___ SOURCE INFORMATION ___

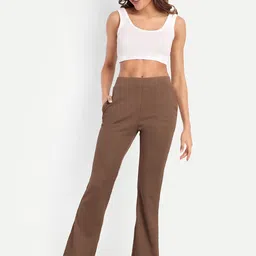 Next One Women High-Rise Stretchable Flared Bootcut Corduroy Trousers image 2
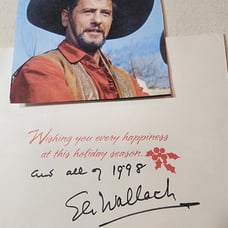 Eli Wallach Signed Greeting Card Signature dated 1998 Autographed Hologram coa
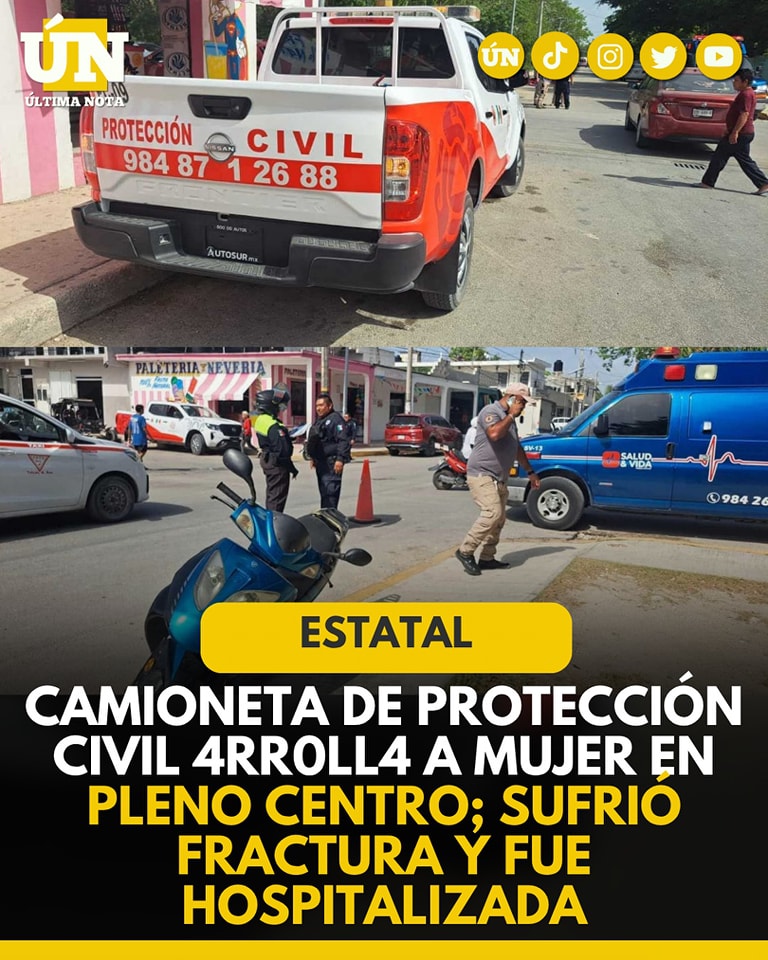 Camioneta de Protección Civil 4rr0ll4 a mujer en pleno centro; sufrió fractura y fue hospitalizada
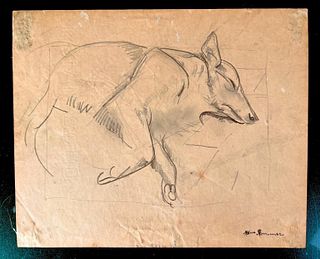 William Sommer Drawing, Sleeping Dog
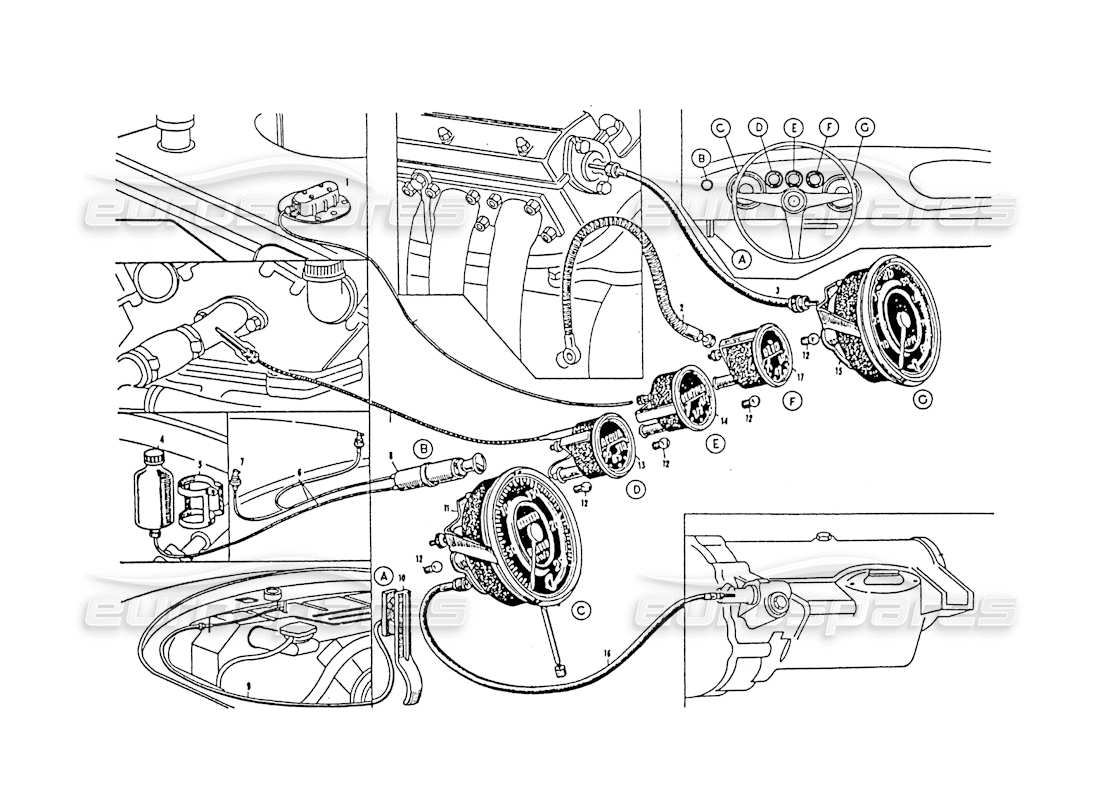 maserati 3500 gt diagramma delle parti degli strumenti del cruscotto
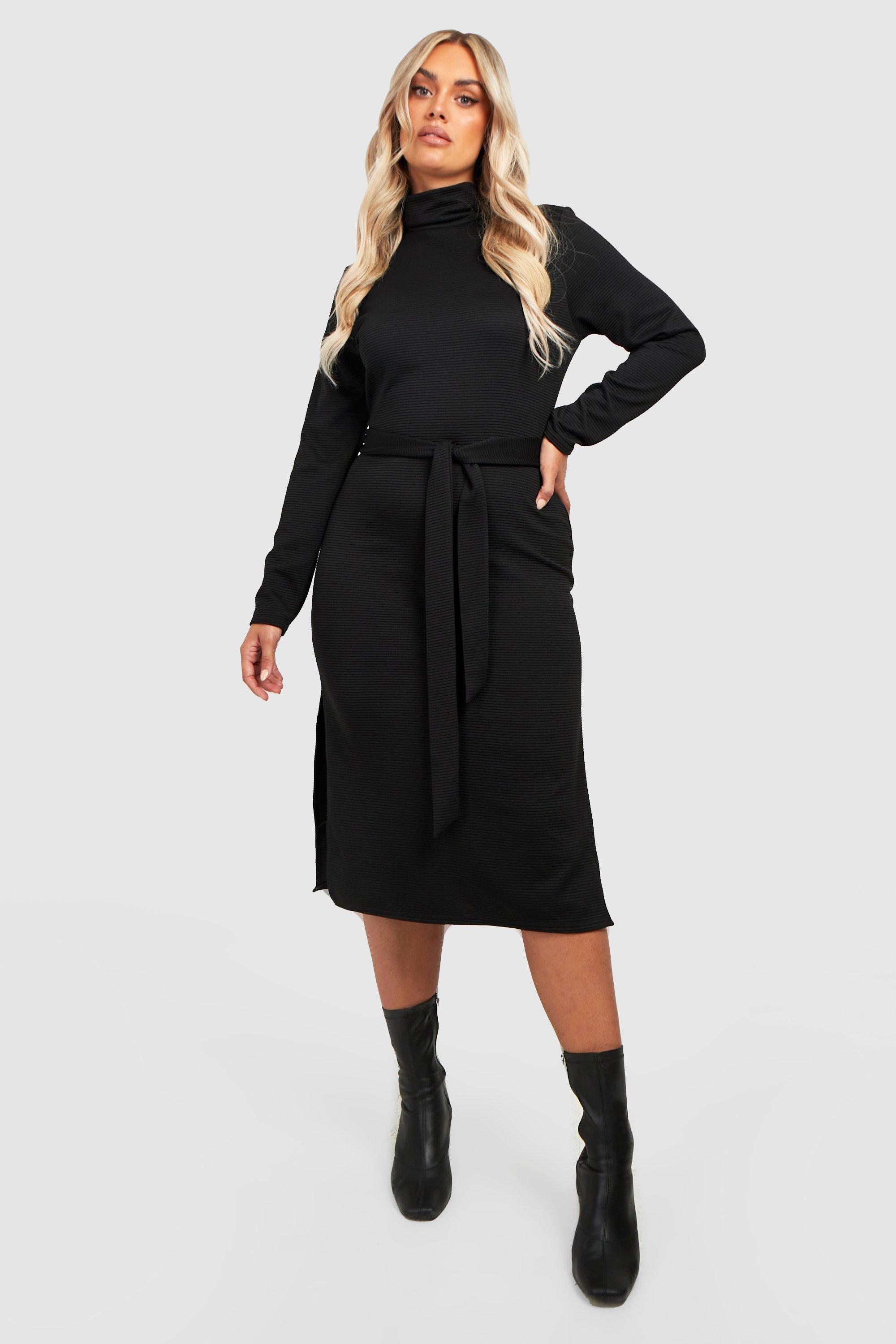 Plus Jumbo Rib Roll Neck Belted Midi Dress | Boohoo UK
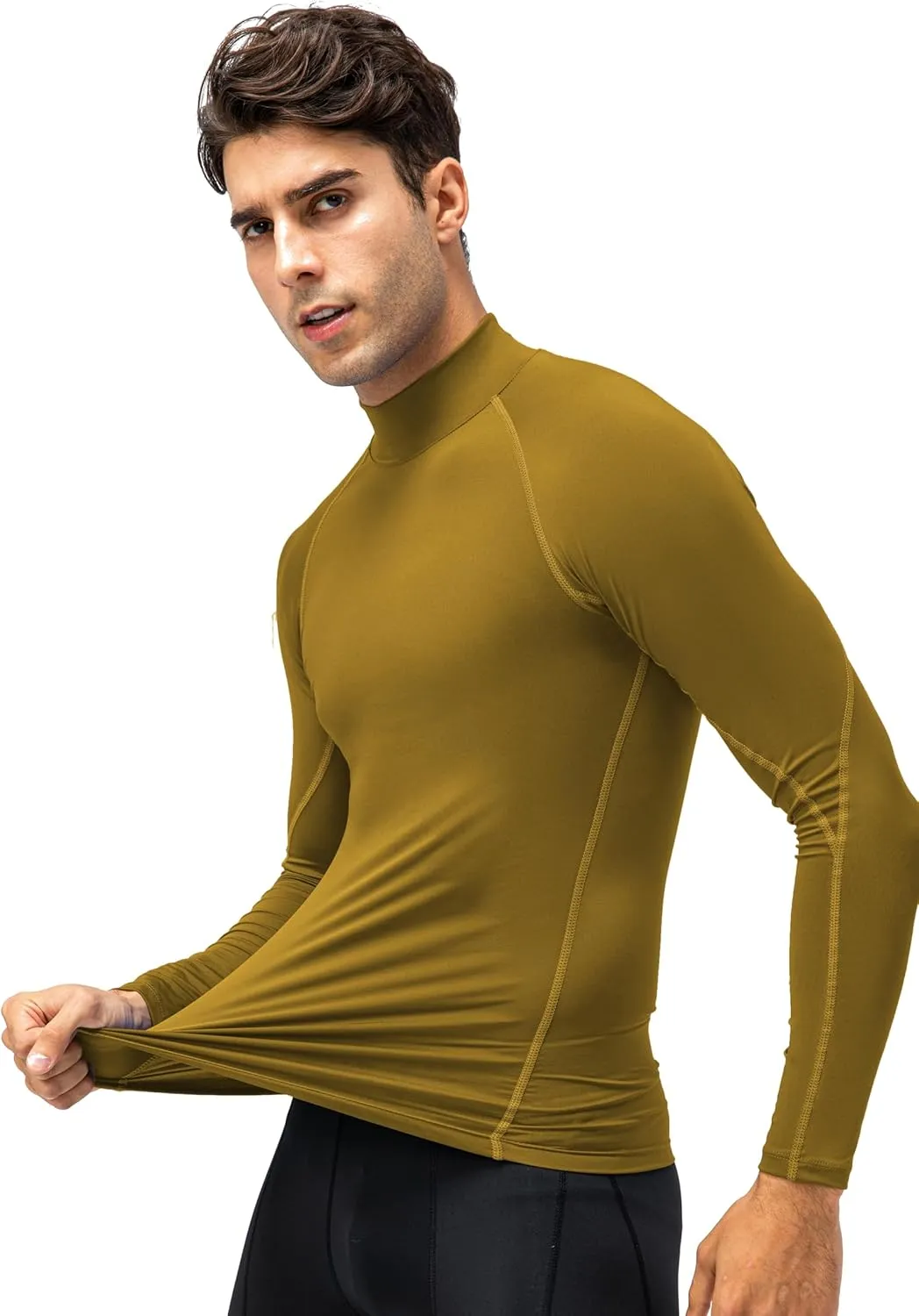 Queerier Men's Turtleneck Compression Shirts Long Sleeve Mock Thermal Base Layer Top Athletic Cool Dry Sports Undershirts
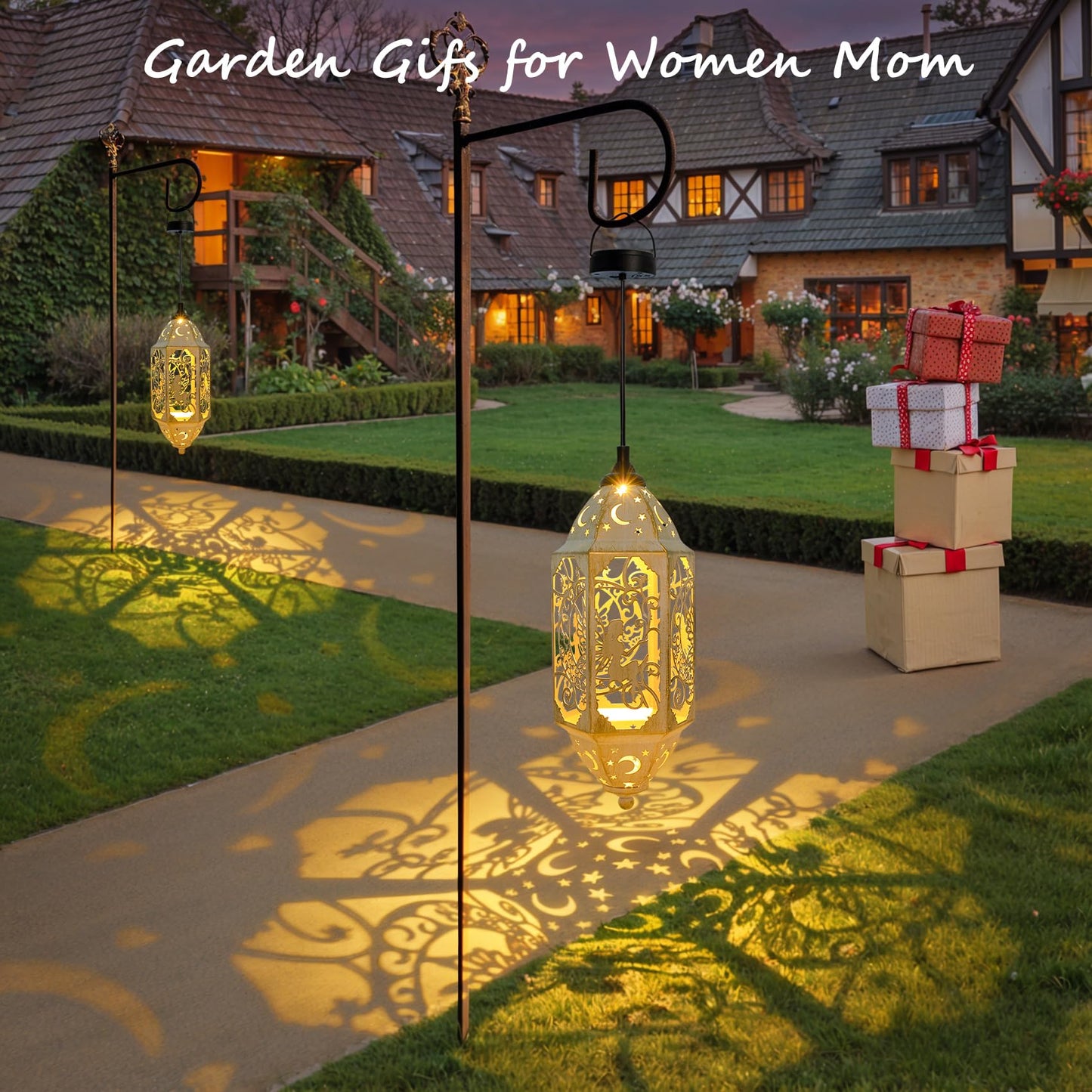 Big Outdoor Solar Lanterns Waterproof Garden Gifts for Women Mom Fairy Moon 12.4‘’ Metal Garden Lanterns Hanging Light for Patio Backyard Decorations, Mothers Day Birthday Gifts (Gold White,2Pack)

___

**PROBLEM STATEMENT:** Every line from the one containing "Eli Wallach Signed" through the last line of the listing must be written out again exactly, and no other line. Leave the pictures aside.

**WRITTEN SOLUTION:**
 Eli Wallach Signed Greeting Card Signature dated 1998 Autographed Hologram coa
 Camioneta de Protección Civil 4rr0ll4 a mujer en pleno centro; sufrió fractura y fue hospitalizada
 William Sommer Drawing, Sleeping Dog
 maserati 3500 gt diagramma delle parti degli strumenti del cruscotto
 Plus Jumbo Rib Roll Neck Belted Midi Dress | Boohoo UK
 Queerier Men's Turtleneck Compression Shirts Long Sleeve Mock Thermal Base Layer Top Athletic Cool Dry Sports Undershirts
 Big Outdoor Solar Lanterns Waterproof Garden Gifts for Women Mom Fairy Moon 12.4‘’ Metal Garden Lanterns Hanging Light for Patio Backyard Decorations, Mothers Day Birthday Gifts (Gold White,2Pack)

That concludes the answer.